Configuring Actions To Run As A Service Account With Recast Proxy

Introduction

Recast Proxy is a service that runs under a service account. It can be used to read from Active Directory to populate scopes, or it can be used to run Right Click Tools actions under that Service Account. There is also a “hidden” type of proxy. A Console User Proxy is automatically installed with your standard Right Click Tools installation. The Console User Proxy ensures that the actions you to run in Right Click Tools will run as the logged in user with the logged in user's permissions. These User Proxies do not show up on the Proxies list.

Configuring a Proxy

Proxies run as a service account. Proxies are useful when you want to run Right Click Tools actions a service account, and can also be used run Right Click Tools actions against untrusted domains. The service account must be a Local Admin on the computer where it is being installed in order to function correctly.

Start the Installer

Test Connection to the Recast Management Server

Enter the Recast Management Server address and port number, click test to make sure that the Proxy can connect to the Recast Management Server. When the installer responds with "Success" you can click next to continue.

If the installer does not connect to the Recast Management Server, the Proxy will not be installed successfully. You should troubleshoot any error messages that appear in the installer before continuing with the the install.

Connecting to Recast Management Server

Enter Service Account Configuration

In the following Window, enter the Service Account information that you would like to use for your Proxy.

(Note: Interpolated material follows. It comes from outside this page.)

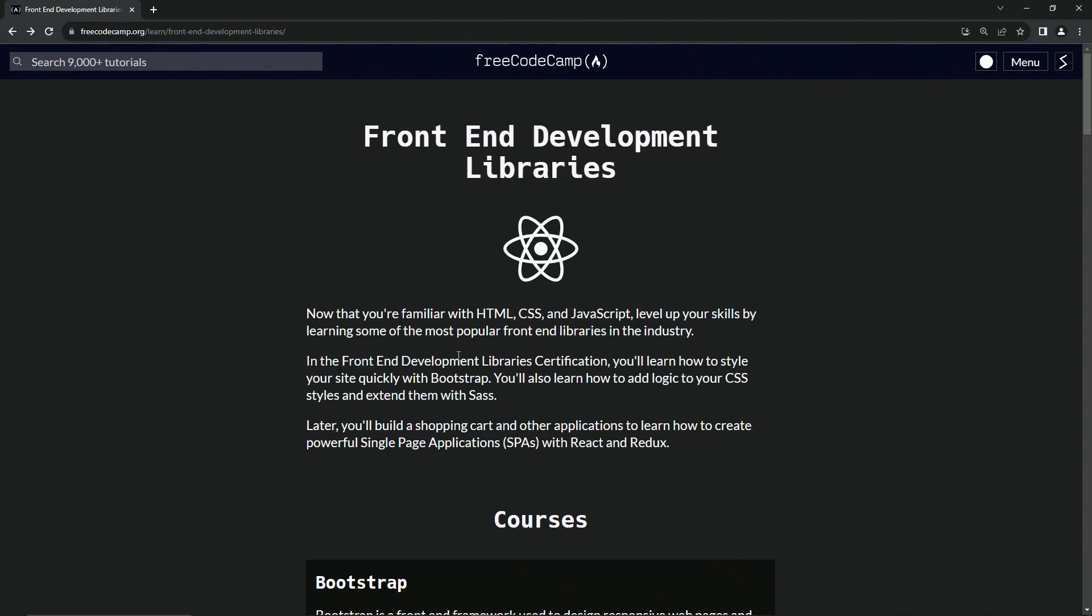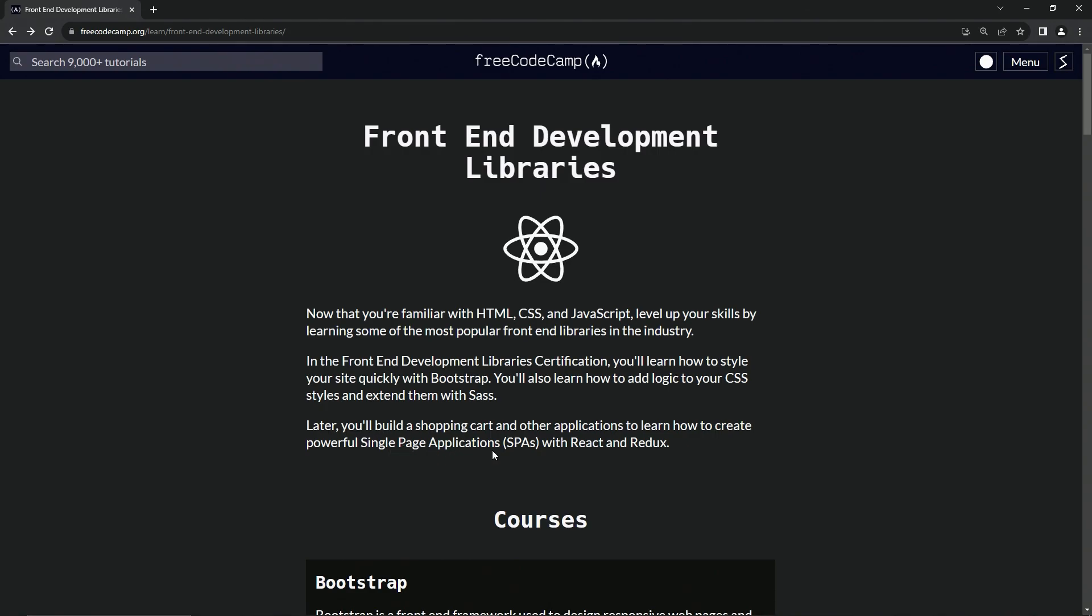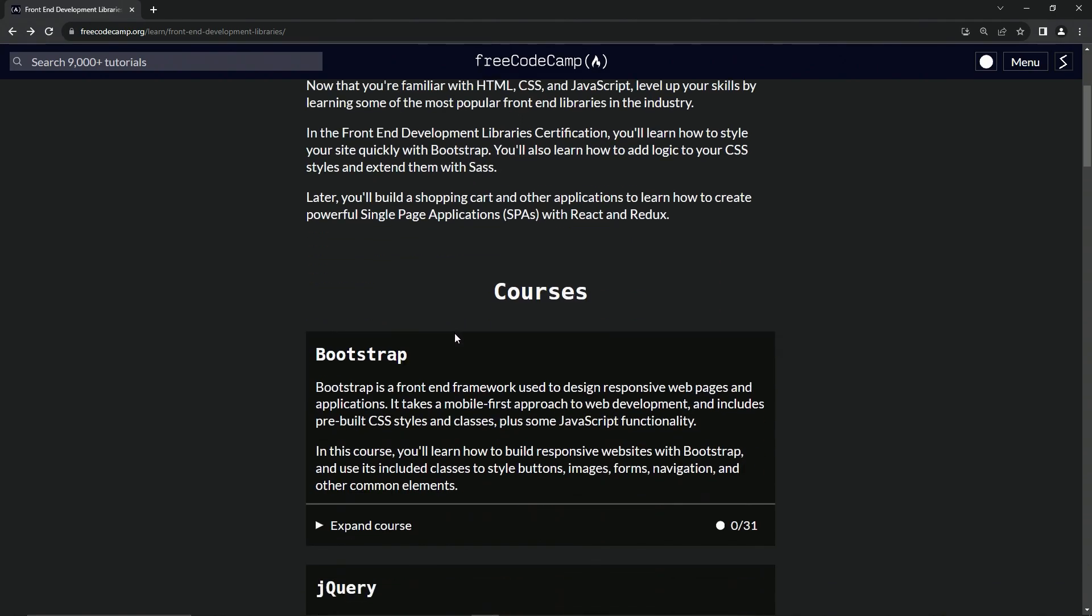In the front-end development library certification, we're going to learn how to style our site quickly with Bootstrap. We're also going to learn how to add logic to our CSS styles and extend them with Sass. Later, we're going to build a shopping cart and other applications to learn how to create powerful single-page applications, or SPAs, with React and Redux.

You can then click Next to continue.

If the User Account Credentials that you enter on the Service Account Proxy Screen do not validate correctly, the Service Account Proxy will not work correctly. You should troubleshoot any login errors before continuing on to the next step.

Enter Service Account Configuration

Enter Domain Information

In the next window enter the Domain information of your primary domain, this will verify that the service account can read from the domain. When your test is successful, click next.

Enter Domain Configuration

Enter Configuration Manager Information

In the next window enter the information about your Configuration Manager environment. This will verify that your service account has permission to read into MEMCM. After your test is successful, click Next

Enter Configuration Manager Information

Choose to Configure Standalone MBAM

If you have a standalone MBAM server (and are not managing Bitlocker in ConfigMgr), you can click the box and enter the information for your MBAM environment. If you do not, leave the box blank and click Install.

Choose to Configure MBAM

Enter Standalone MBAM information

If you have a standalone MBAM environment, enter it below. This ensures that the service account you selected has permission to use MBAM. After you have entered and tested the information, click Install. After your test is successful, click next

Enter Standalone MBAM information

Finishing Proxy Installer

After the Proxy installer has finished, click Finish

Finish Proxy Installer

Authorize Proxy in Recast Management Server

Before actions will be sent from the Recast Management Server to the Proxy, the Proxy needs to be authorized. Please note that by default, the Recast Management Server will auto approve proxies that are installed in the same domain as the Recast Management Server. If a proxy is installed in another domain, you must approve it manually.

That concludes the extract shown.